-- Opening Marker --

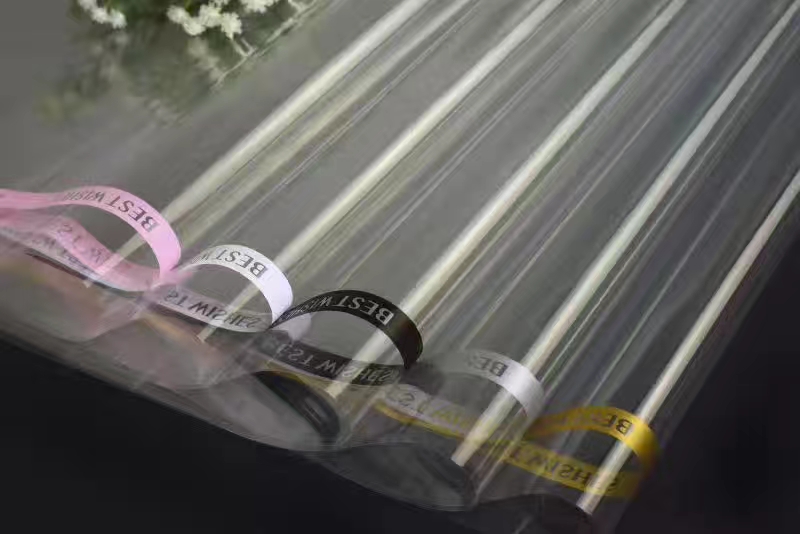 Factory direct flower wrapping paper florist Materials Waterproof cellophane small English thumbnail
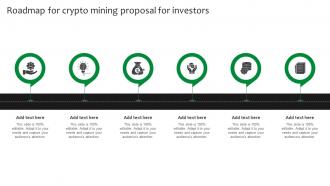 Roadmap For Crypto Mining Proposal For Investors Ppt Inspiration Professional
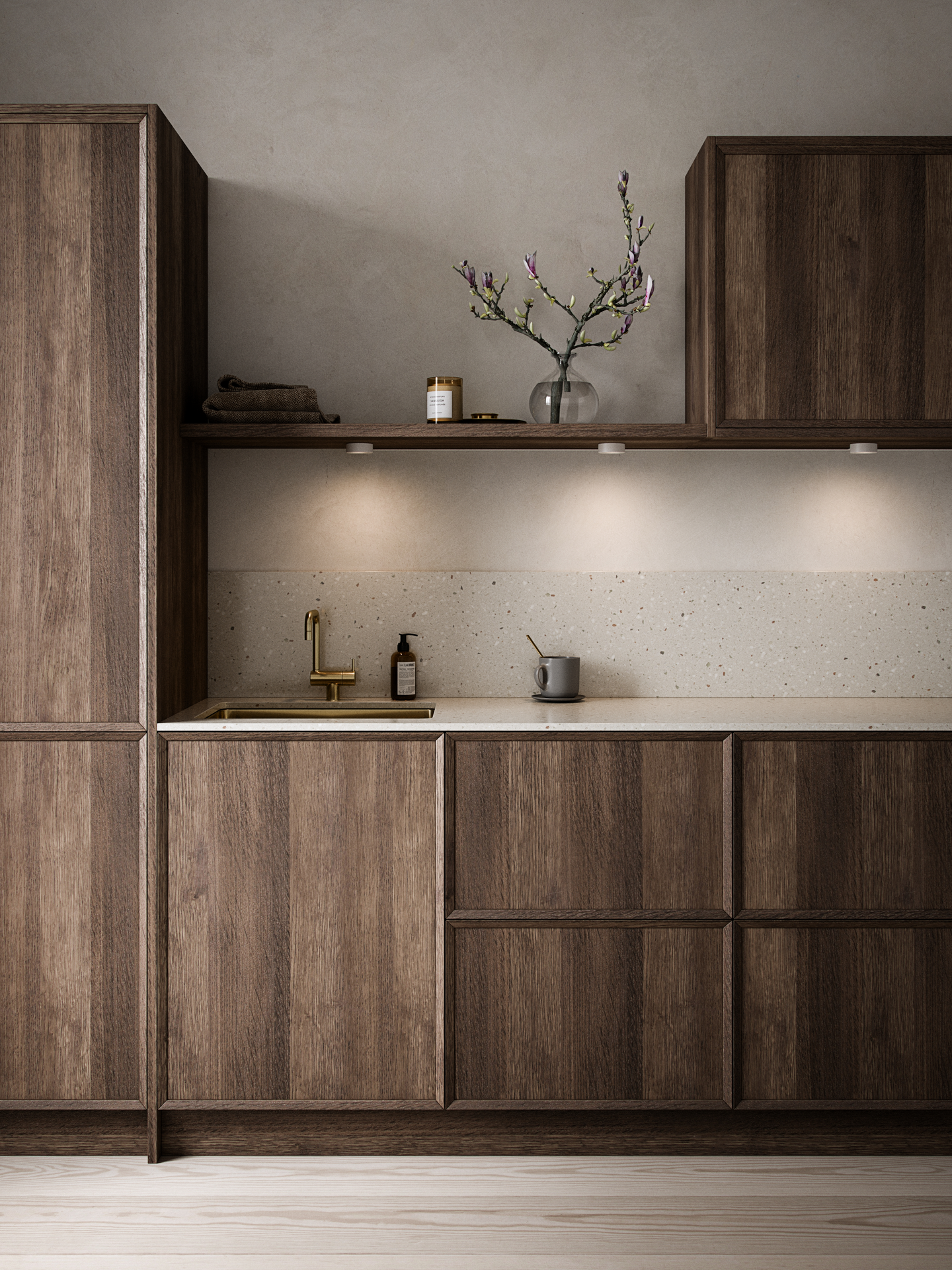 Alasvalo Nordlux Kitchenio led 3-osainen 3x2W 170lm 3000/4000K valkoinen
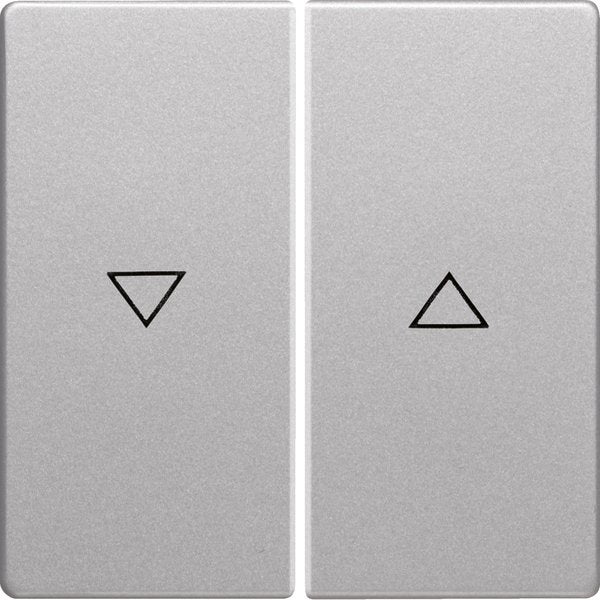 Berker - Abdeckung/Bedienelement für Installationsschalterprogramme Wippe alu/lack 16256084 Symbol Pfeil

-- Closing Marker --

Task statement ▸ What is needed is the whole listing again, set down exactly, without its pictures.

Expected output ▸
 Factory direct flower wrapping paper florist Materials Waterproof cellophane small English thumbnail
 Roadmap For Crypto Mining Proposal For Investors Ppt Inspiration Professional
 Alasvalo Nordlux Kitchenio led 3-osainen 3x2W 170lm 3000/4000K valkoinen
 Berker - Abdeckung/Bedienelement für Installationsschalterprogramme Wippe alu/lack 16256084 Symbol Pfeil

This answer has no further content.